(How to complete this task) Lines from the one containing "İHRACATIN LİDERLERİ ÖDÜLLERİNİ ALDI" to the end of the records, both ends included and exactly as written, are the whole answer, and no pictures go in it.

(Task input)
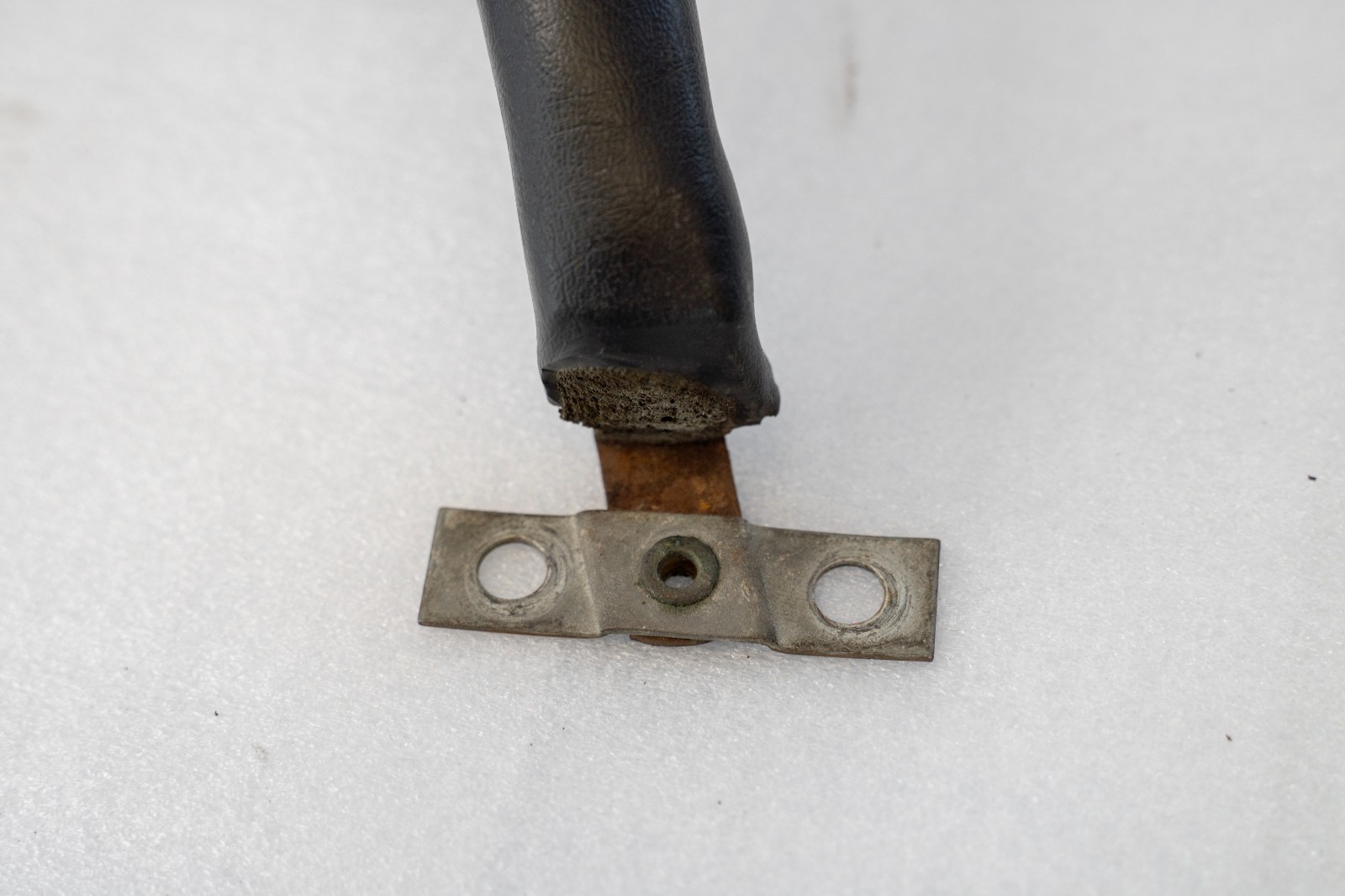Porsche Carrera 911 Right Passenger Door mounted armrest OEM 1969-1973 Genuine – Image 14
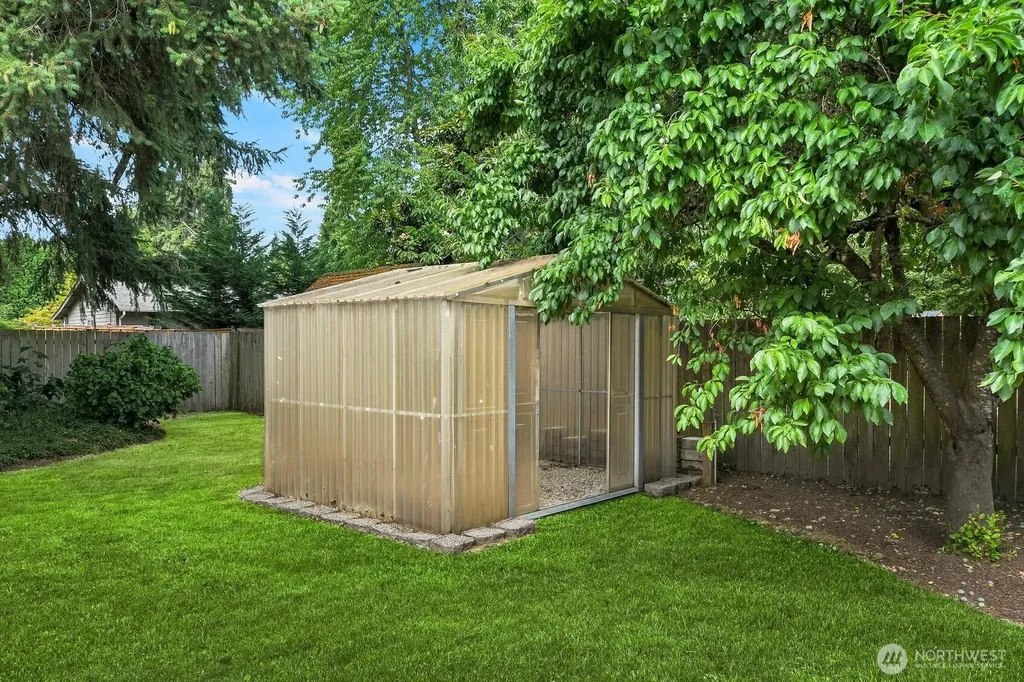 9778 NE 126th Place Kirkland WA 98034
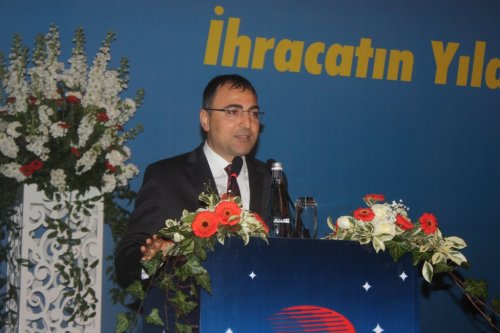 İHRACATIN LİDERLERİ ÖDÜLLERİNİ ALDI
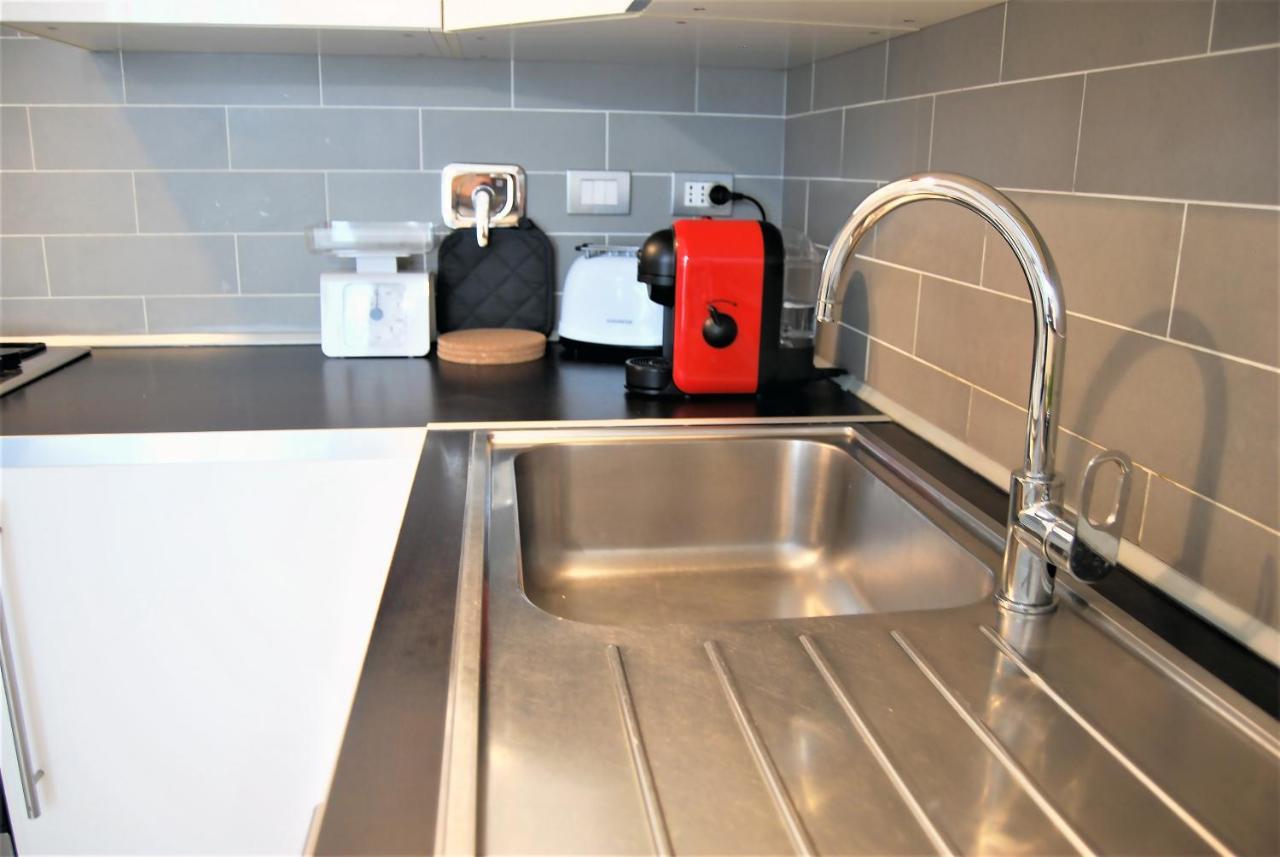 Costa Del Molo - Casa E Lavoro Appartement Vado Ligure Buitenkant foto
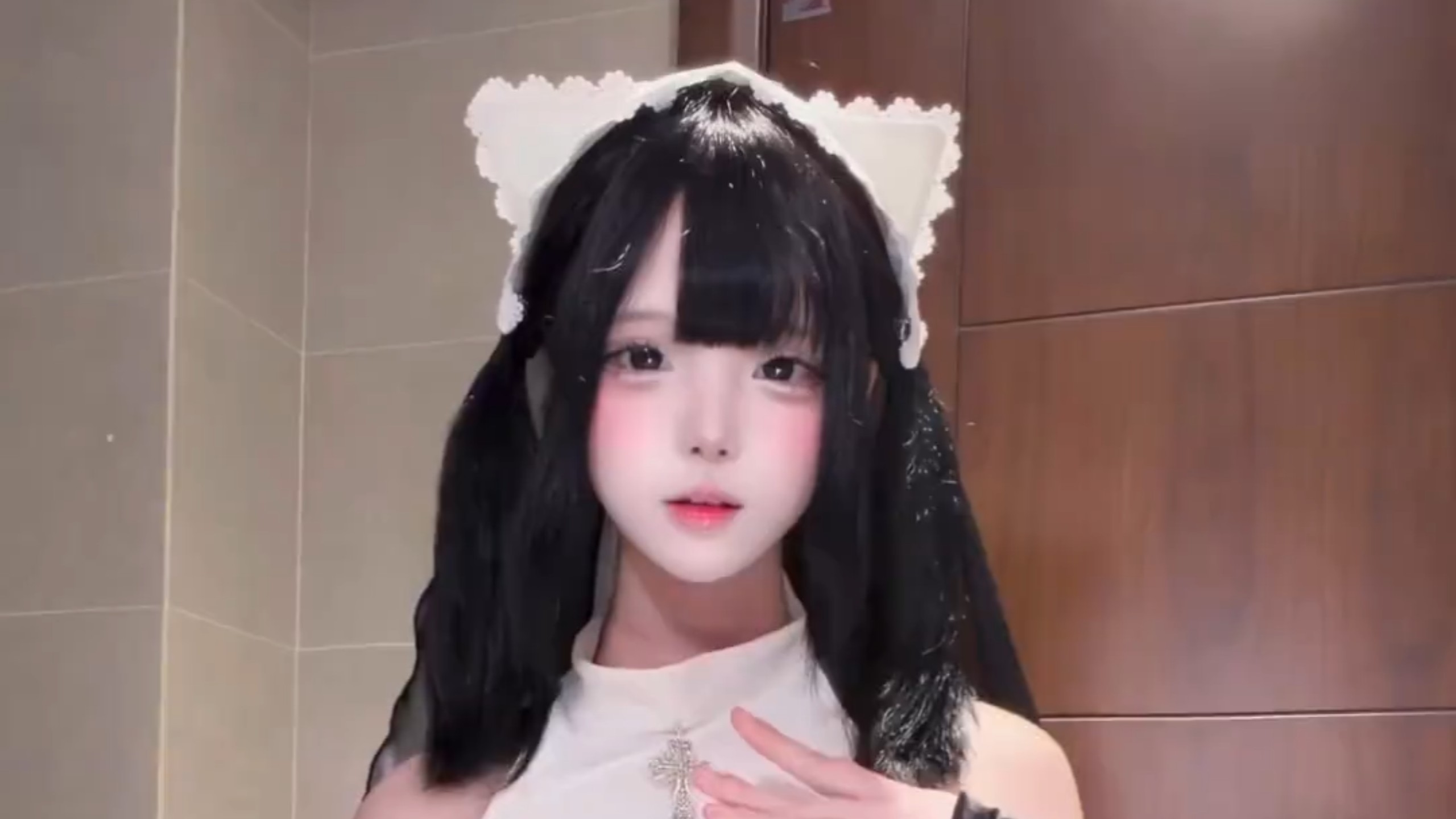 嗯？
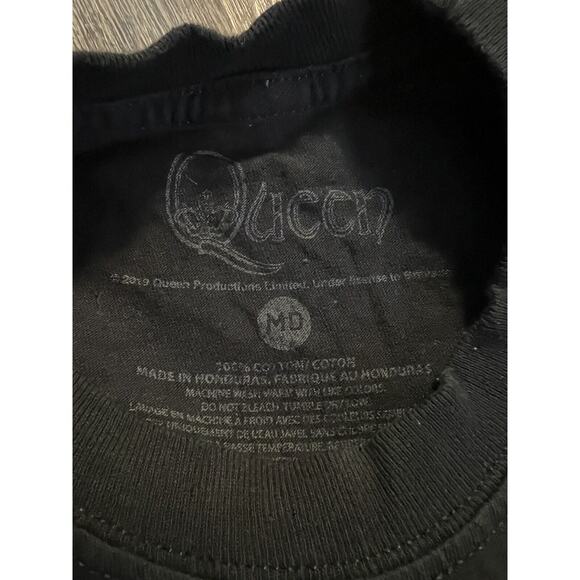 Queen Official Graphic T-Shirt Size Medium - Picture 2 of 4
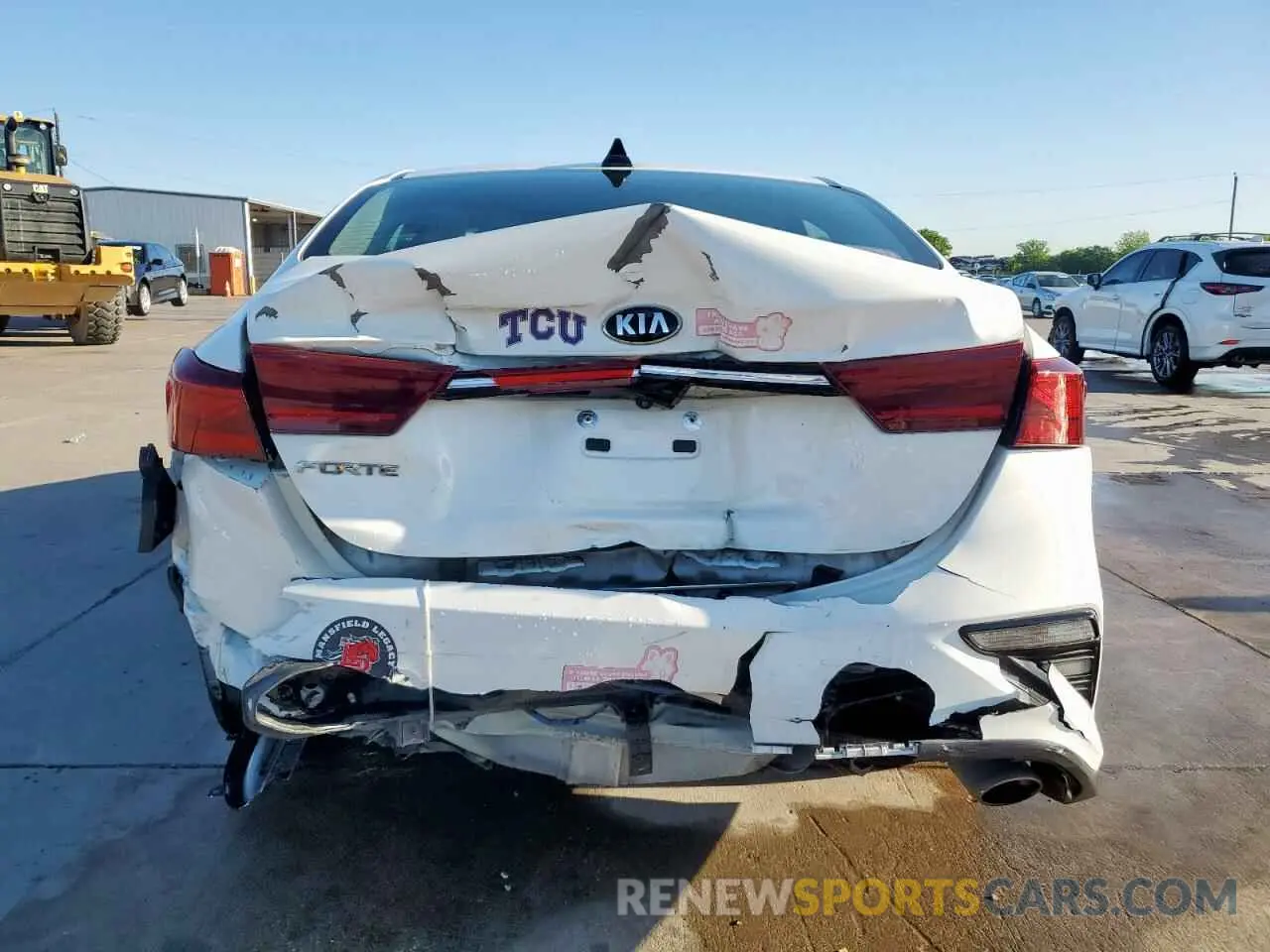6 Photograph of a damaged car 3KPF24AD9KE111637 KIA FORTE 2019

(Answer to this exercise)
 İHRACATIN LİDERLERİ ÖDÜLLERİNİ ALDI
 Costa Del Molo - Casa E Lavoro Appartement Vado Ligure Buitenkant foto
 嗯？
 Queen Official Graphic T-Shirt Size Medium - Picture 2 of 4
6 Photograph of a damaged car 3KPF24AD9KE111637 KIA FORTE 2019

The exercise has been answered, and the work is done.